Один вопрос, связанный с общей относительностью, представлял собой основу больших разногласий среди естествоиспытателей и философов в Советском Союзе: «Что есть гравитация?» На него давались самые различные ответы[944]. Члены первой группы часто приравнивали гравитационное поле к искривленному пространству-времени. Однако некоторые из их критиков утверждали, что этот ответ подразумевает почти лишение гравитации физического или материального содержания, отождествление природы с геометрией, то есть позиции, которой марксисты традиционно противостояли. М. Ф. Широков, член первой группы, из-за этого определил свою позицию очень тщательно. Согласно ему, гравитация «отражает геометрические свойства пространства-времени»; гравитационное поле не обладает массой или энергией; гравитация не есть, таким образом, сама материя, а есть вместо этого «форма существования материи». Д.Д. Иваненко определял гравитацию несколько иначе; она была для него искривлением пространства-времени, вызванным материей и самим гравитационным полем. Так, гравитация была, по Иваненко, не совсем тем же, что пространство-время, но вместо того была независимым аспектом материального мира. А.З. Петров, член второй группы, описывал гравитационное поле как «специфическую форму движущейся материи». Н.В. Мицкевич разделял эту позицию и предупреждал против сведения гравитации к геометрии. По его мнению, скорее геометрия есть выражение гравитационного поля, а не наоборот. Таким образом, существовало известное различие взглядов среди советских ученых. Попытка определить «гравитацию» была в Советском Союзе объектом дискуссии, в некоторой степени очень сходной с попытками определить «информацию» и «сознание» в других дисциплинах. Последние термины обсуждались в других главах.
К середине 80-х годов философские проблемы теории относительности казались менее проблематичными советским философам физики, чем вопросы квантовой механики. Тем не менее, значительная работа в этой области была проделана за последние пятнадцать лет, особенно над творческим наследием Эйнштейна, который теперь является объектом поклонения советских интеллектуалов[945]. Важной проблемой в теории относительности, которая привлекла внимание, была возможность существования частиц, движущихся со сверхсветовыми скоростями, названных «тахионами» американским физиком Дж. Файнбергом. Центром советской дискуссии был вопрос: «Может ли математика специальной теории относительности служить теоретической базой для описания частиц со сверхсветовыми скоростями, и если да, то не ведет ли это к отрицанию причинности?» Большинство советских физиков и философов, писавших по этому предмету, кажется, стремились дать на этот вопрос положительный ответ, но некоторые выражали опасения относительно высокой философской цены такого признания и поэтому советовали соблюдать осторожность[946]. Советские философы даже в 80-х годах признавали, что этот вопрос был как методологическим, так и «мировоззренческим»[947]. Советским марксистам удалось перейти от жесткой причинности к вероятностной причинности перед лицом развития физики, вопрос о полном отказе от причинности лежал в иной плоскости и был значительно более принципиальным.
Главной темой обсуждения среди физиков всего мира за последние годы стала возможность объединения всех законов физики.
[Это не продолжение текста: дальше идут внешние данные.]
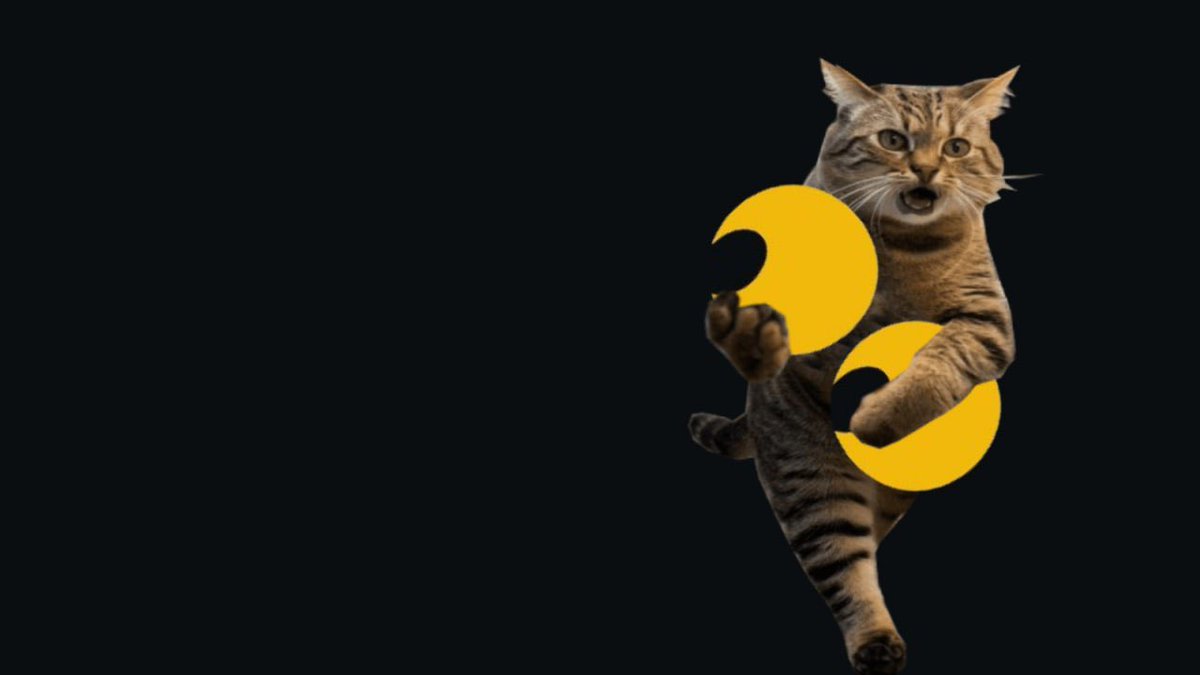<a href="/binance/">Binance</a> A cat that can easily steal away sadness and leave behind happiness.😸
Этому древнему стремлению был дан новый сильный импульс в 70-х годах путем объединения двух из четырех фундаментальных сил физики — слабых и электромагнитных Стивеном Вайнбергом из Гарвардского университета и Абдусом Саламом из Международного центра теоретической физики в Триесте. Если две оставшиеся силы — сильная, объединяющая атомные ядра, и гравитационная, управляющая небесными и земными телами, — могли бы быть сведены вместе с двумя другими в новую теорию супергравитации, все силы природы были бы объединены. Естественно, что физики были очень возбуждены этой возможностью; кроме того, главными фигурами в истории физики были ученые, создавшие синтетические математические описания явно различных явлений природы: Ньютон объединил земную и небесную гравитацию; Максвелл объединил электричество и магнетизм; Эйнштейн успешно продемонстрировал отношение между электромагнитным явлением — светом — и гравитацией, а далее безуспешно искал единую теорию поля для гравитации и электромагнетизма. Вайнберг и Салам, объединяя слабые и электромагнитные силы, были современными лидерами этой традиции. Ученый, который доведет это направление до его логического завершения и объединит все силы природы, станет величайшим физиком всех времен.
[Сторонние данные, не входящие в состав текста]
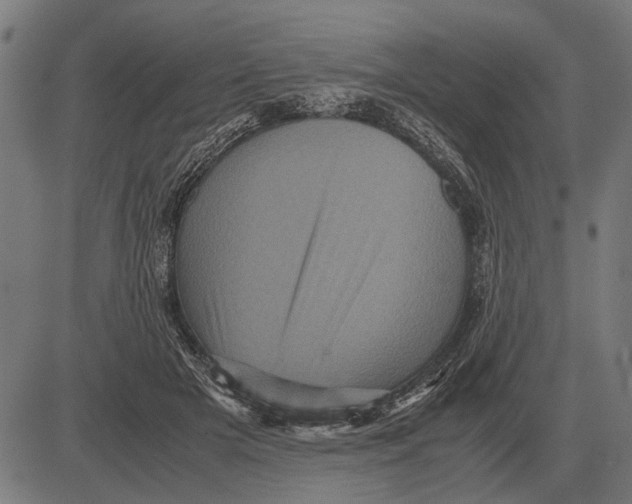 X0000081470505200702021836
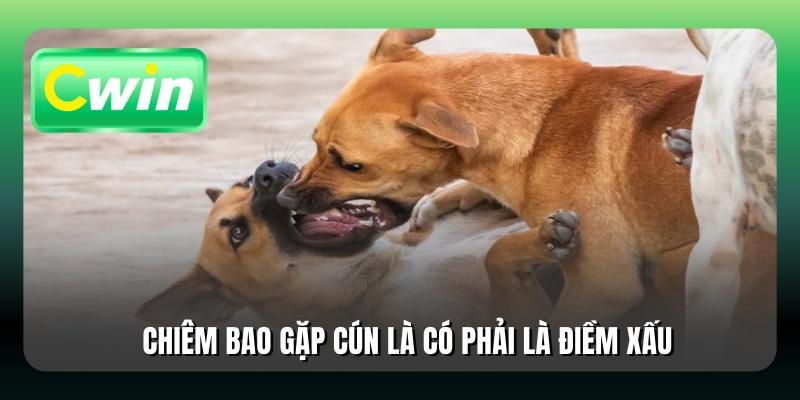 Chiêm bao gặp cún là có phải là điềm xấu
Такое монументальное научное достижение неизбежно будет иметь огромное философское значение. А.А. Логунов (род. в 1926 г.), директор известной Серпуховской лаборатории и позднее ректор МГУ, и его коллега физик Б.А. Арбузов писали в 1979 г., что квантовая механика и релятивистская физика были «основаниями современного естественнонаучного взгляда на мир» и что построение новой объединяющей все силы природы теории будет иметь еще большее значение, что «знания в области строения элементарных „кирпичиков“ материи являются фундаментом для всех естественных наук»[948].
Объединение физических сил очень привлекательно для диалектического материализма. Одной из отличительных черт советского марксизма является его стремление подвести все явления — естественные и социальные — под эгиду одной философской системы. Создание Теории Великого Объединения в физике рассматривалось бы диалектическим материализмом как важный шаг к такому философскому объединению природной и социальной Вселенной. Они, очевидно, надеются, что центральная роль, придаваемая материи в общей теории относительности, должна сохраниться и в любой Великой Теории. Материализм как философская доктрина мог бы тогда получить новые подтверждения. Вместе с тем советские философы неохотно занимаются попытками определить, какой должна быть новая Великая Теория, или выбрать отдельного кандидата на ее место. К 80-м годам большинство физиков и даже многие философы поняли, что огромный вред можно причинить науке попытками поддержки определенной физической теории, утверждая, что она поддерживается марксизмом. Тем не менее, советские обсуждения Теории Великого Объединения (ТВО) должны привлекать внимание западных ученых, интересующихся длительным взаимоотношением между советской физикой и диалектическим материализмом.
Последние обсуждения общей относительности в Советском Союзе во многих отношениях сходны с западными дискуссиями, даже при сохранении терминологических различий. Соответственно пересмотры общей относительности такими западными учеными, как Дж. Уилер, Р. Дикке, Дж. Андерсон и Дж. Синг, привлекли большое внимание в Советском Союзе. Важность дебатов в Советском Союзе, включая философскую важность, дают полное основание для рассмотрения всех таких взглядов. Действительно, в лице таких естествоиспытателей, как Фок, советские исследователи внесли свой собственный вклад в обсуждение широкой значимости теории относительности и явления гравитации.